From Wine for Breakfast to Two Years Sober

By Harold Williams

For years, I didn’t think I had a problem with alcohol. I believed I simply drank too much – I had too much fun.

As a TV producer in advertising, I worked in an environment where alcohol was prevalent. And I was brought up in a family that drank. No one seemed to be falling down drunk. It was a natural thing to offer drinks around on a daily basis.

Like most middle class people, my family thought alcoholism was for tramps, hobos, derelicts. Not a problem you encountered in golf and tennis clubs. Most people believe alcoholism to be a deficiency of character, a choice. I felt alcoholics were people who couldn’t control themselves, who should know better, who should be sensible.

I had my first inkling that alcoholism was a disease when my sister died at 41.

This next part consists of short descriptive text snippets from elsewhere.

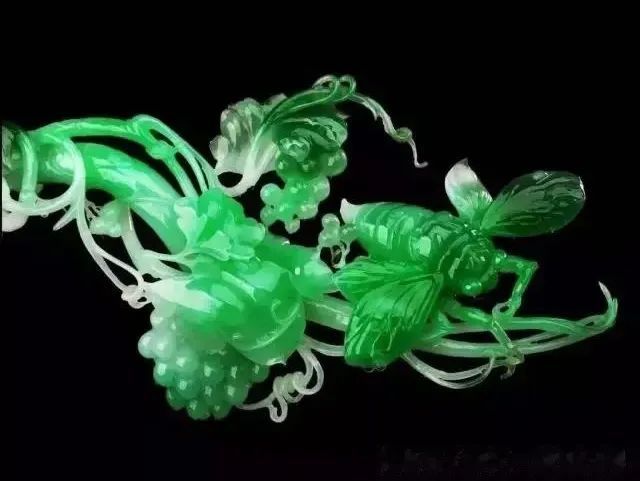 非遗广东｜“玉都巧艺”——阳美翡翠玉雕_南方plus_南方+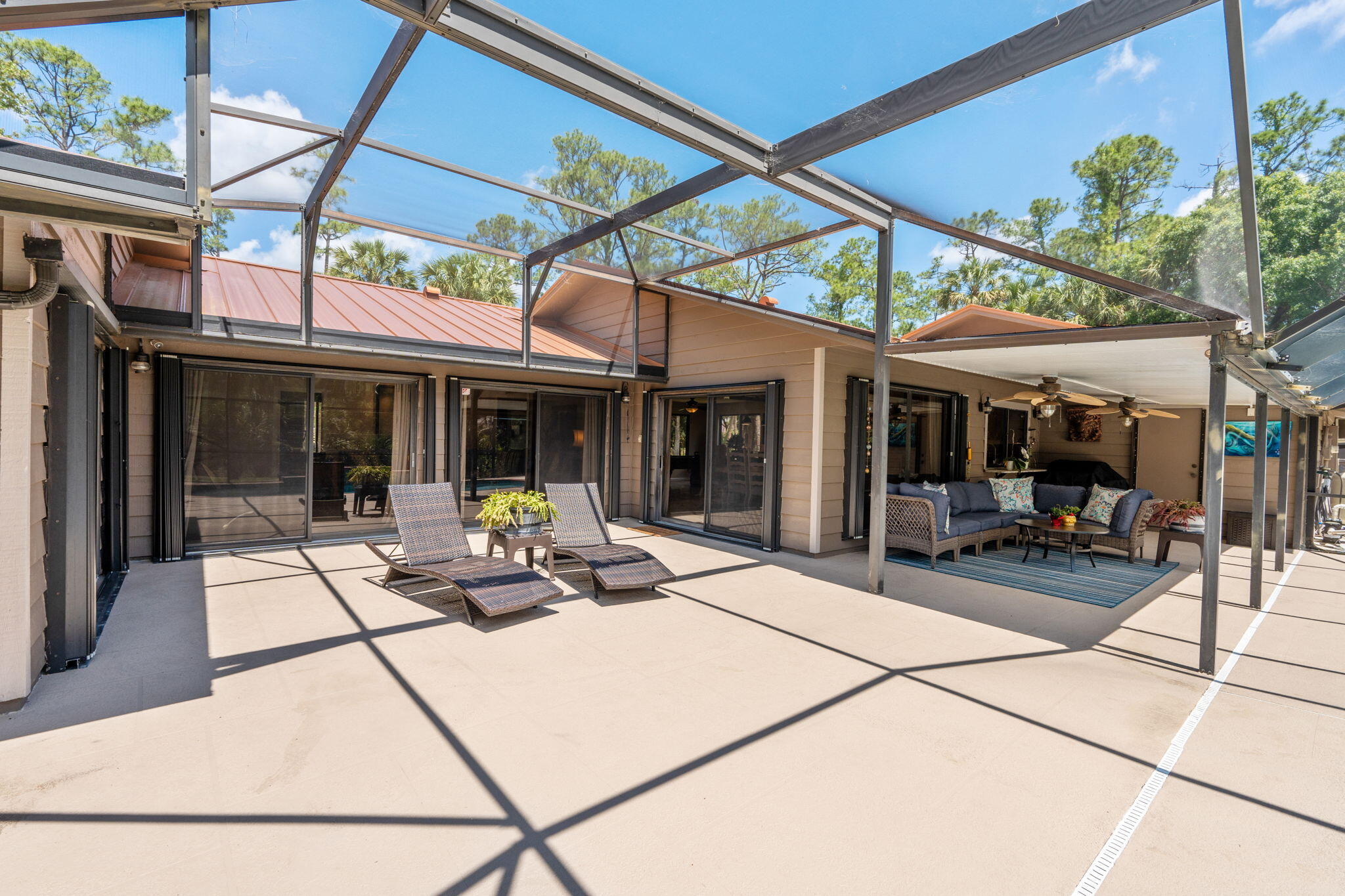 FOXWOOD - Residential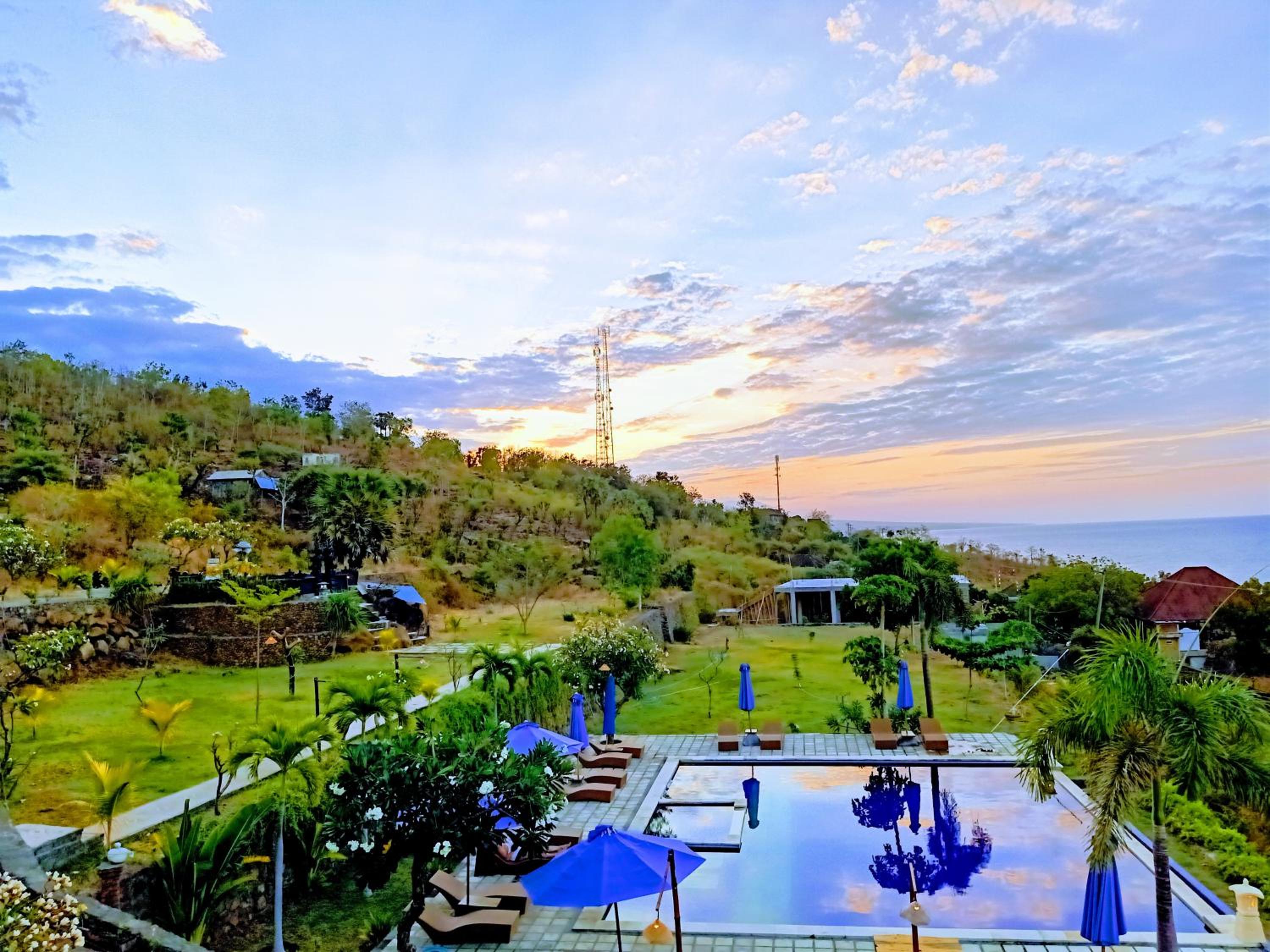 Bali Bhuana Villas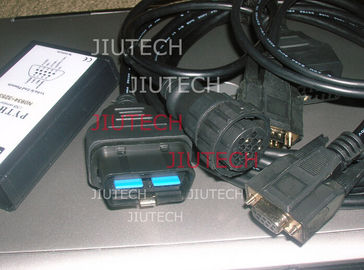 Nissan UD Truck Diagnostic Scanner Full Set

Then it hit me personally when I retired. Suddenly, I didn’t know how to fill the days. Alcohol, I think, was a means of blotting out the void of the empty day. If you don’t play golf or tennis, what else is there to do?

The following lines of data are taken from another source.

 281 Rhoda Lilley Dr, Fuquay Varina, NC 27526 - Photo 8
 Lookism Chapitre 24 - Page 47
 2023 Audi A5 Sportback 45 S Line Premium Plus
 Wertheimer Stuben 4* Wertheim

I was waking up with a hangover. And they don’t get any easier as you get older. The only cure was a drink. I had white wine at breakfast time and finished off a bottle over the course of the morning. So the circle would start.

It got worse. I had a go at giving it up on my own and stopped drinking for six months. Well, there you are, I thought. I’ve proved I don’t need anybody’s help. But then I had a drink — and was flat out again. I hadn’t cracked it at all. I was caught again in the spiral.

In 2015, feeling very ill, I called David Lawrence Centers to be their Crossroads Detox program.  I had to be in a safe place where they would use medication to keep me alive while getting the poison out of my system. Then I could start afresh and really address this problem.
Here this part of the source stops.